TASK DETAILS >>
Below this line are records; transcribe exactly the lines between the one holding "Apartment til salg" and the one holding "горный (MTB) взрослый", inclusive, and omit the pictures.

START MATERIAL PROVIDED

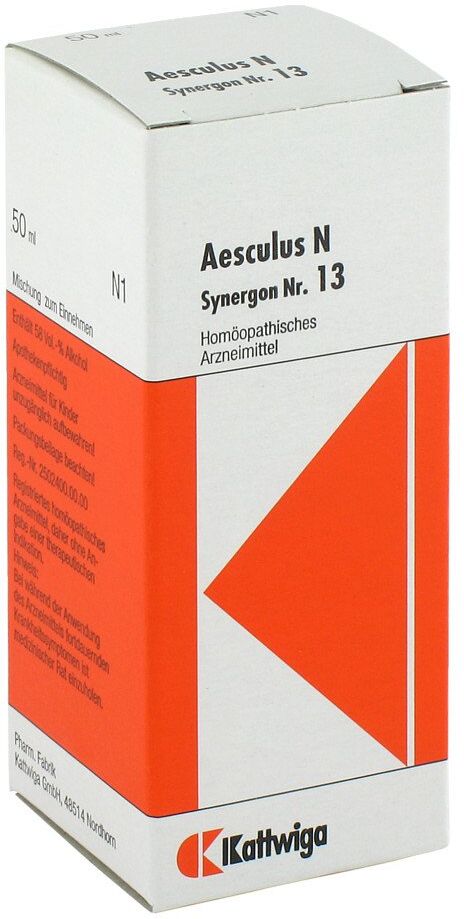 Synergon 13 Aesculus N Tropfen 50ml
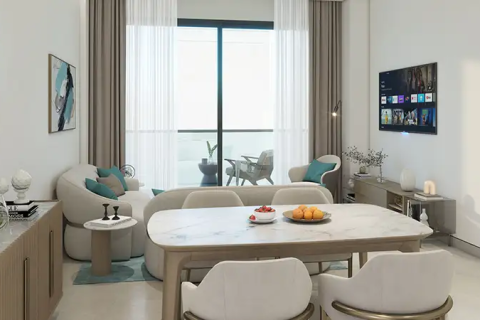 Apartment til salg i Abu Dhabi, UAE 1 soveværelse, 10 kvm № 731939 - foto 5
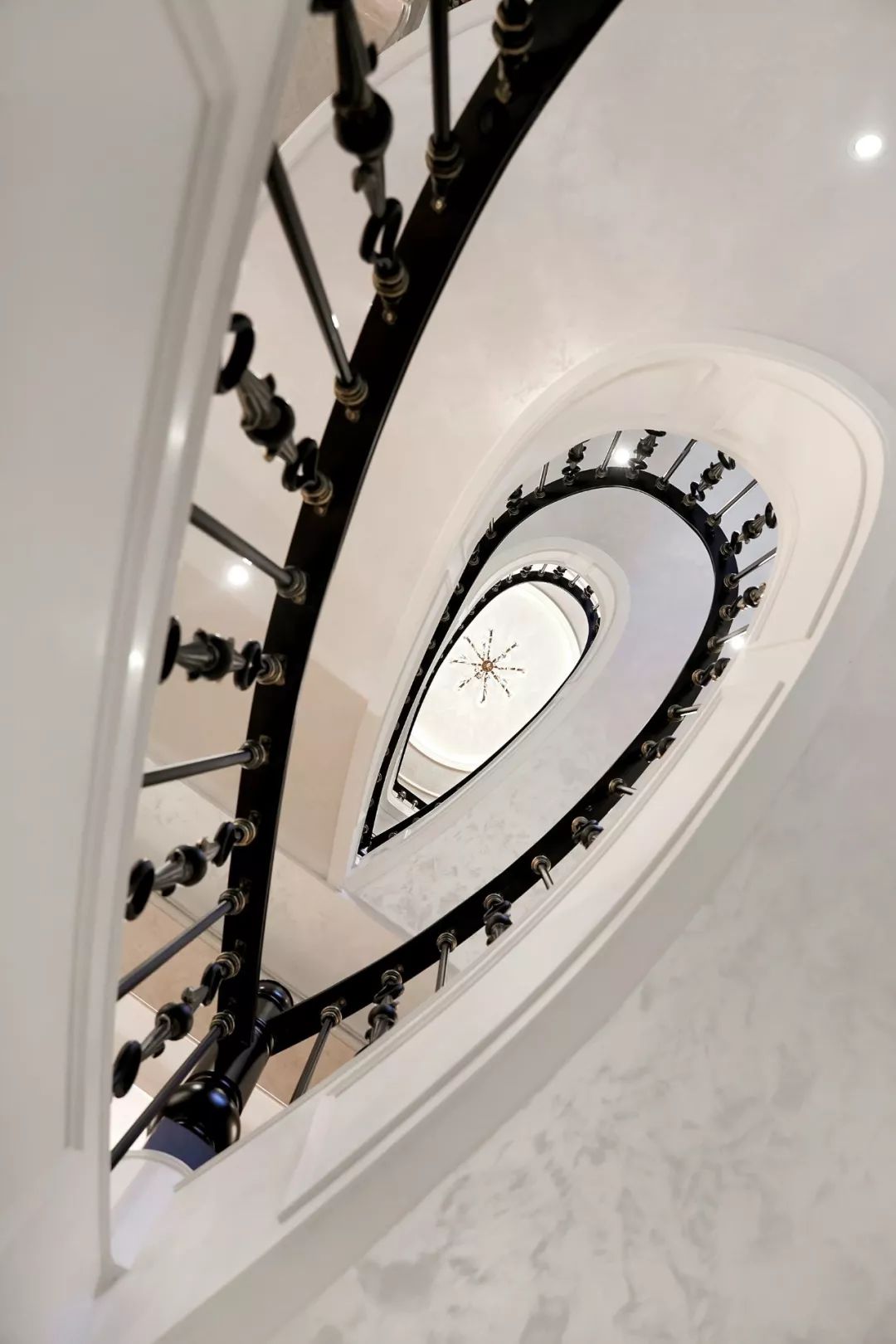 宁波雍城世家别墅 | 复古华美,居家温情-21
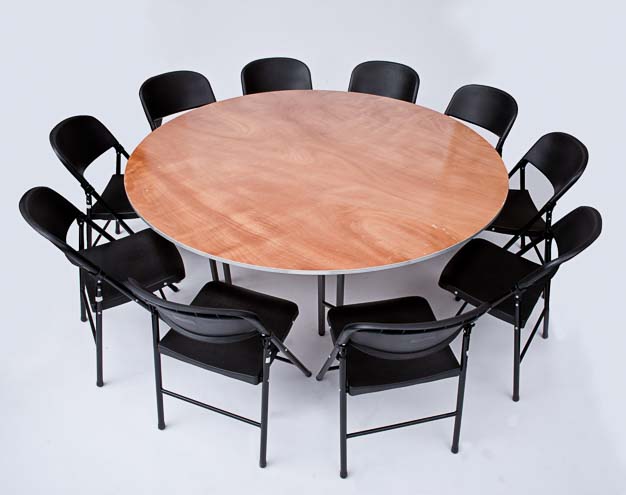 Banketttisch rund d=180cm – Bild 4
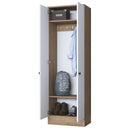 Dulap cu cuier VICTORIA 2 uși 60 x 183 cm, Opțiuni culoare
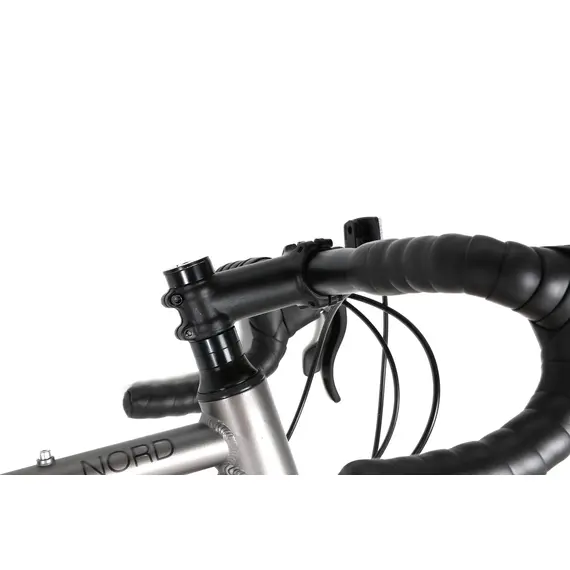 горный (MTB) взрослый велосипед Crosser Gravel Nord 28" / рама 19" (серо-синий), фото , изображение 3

END MATERIAL PROVIDED
START MATERIAL PROVIDED

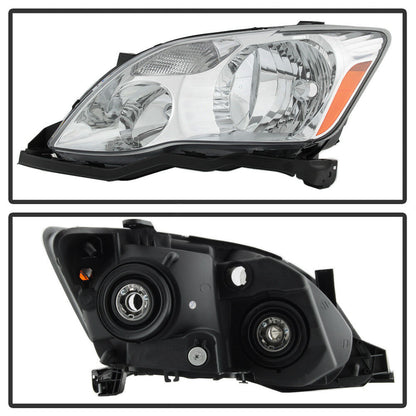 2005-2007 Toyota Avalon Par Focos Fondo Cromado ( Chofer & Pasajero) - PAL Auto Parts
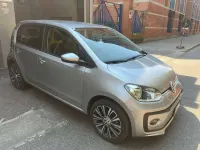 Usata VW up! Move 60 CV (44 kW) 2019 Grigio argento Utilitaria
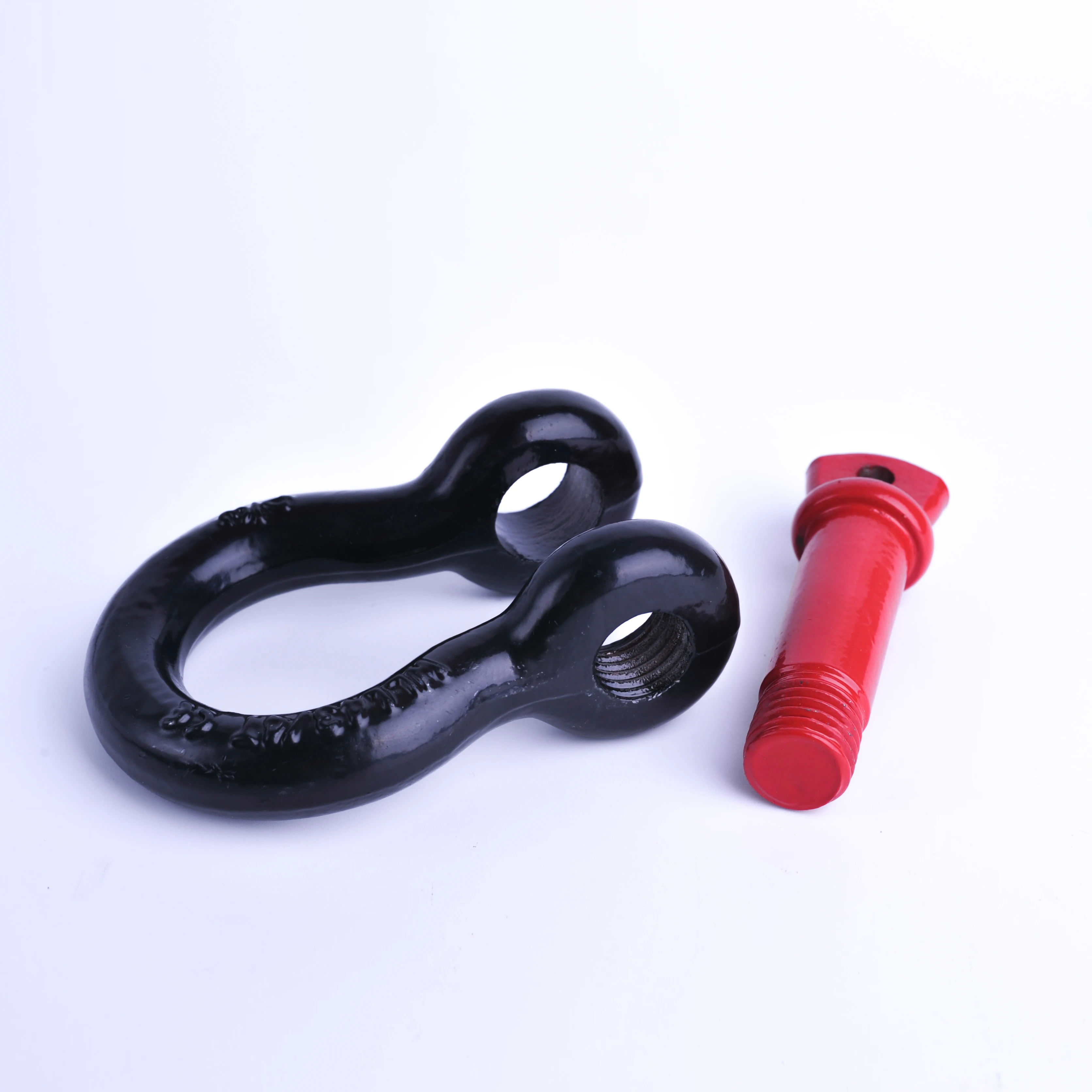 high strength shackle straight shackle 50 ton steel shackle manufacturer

END MATERIAL PROVIDED
START MATERIAL PROVIDED

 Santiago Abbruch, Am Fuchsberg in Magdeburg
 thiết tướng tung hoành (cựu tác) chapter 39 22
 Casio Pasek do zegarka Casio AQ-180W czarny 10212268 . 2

END MATERIAL PROVIDED

FINISHED TASK >>
 Apartment til salg i Abu Dhabi, UAE 1 soveværelse, 10 kvm № 731939 - foto 5
 宁波雍城世家别墅 | 复古华美,居家温情-21
 Banketttisch rund d=180cm – Bild 4
 Dulap cu cuier VICTORIA 2 uși 60 x 183 cm, Opțiuni culoare
 горный (MTB) взрослый велосипед Crosser Gravel Nord 28" / рама 19" (серо-синий), фото , изображение 3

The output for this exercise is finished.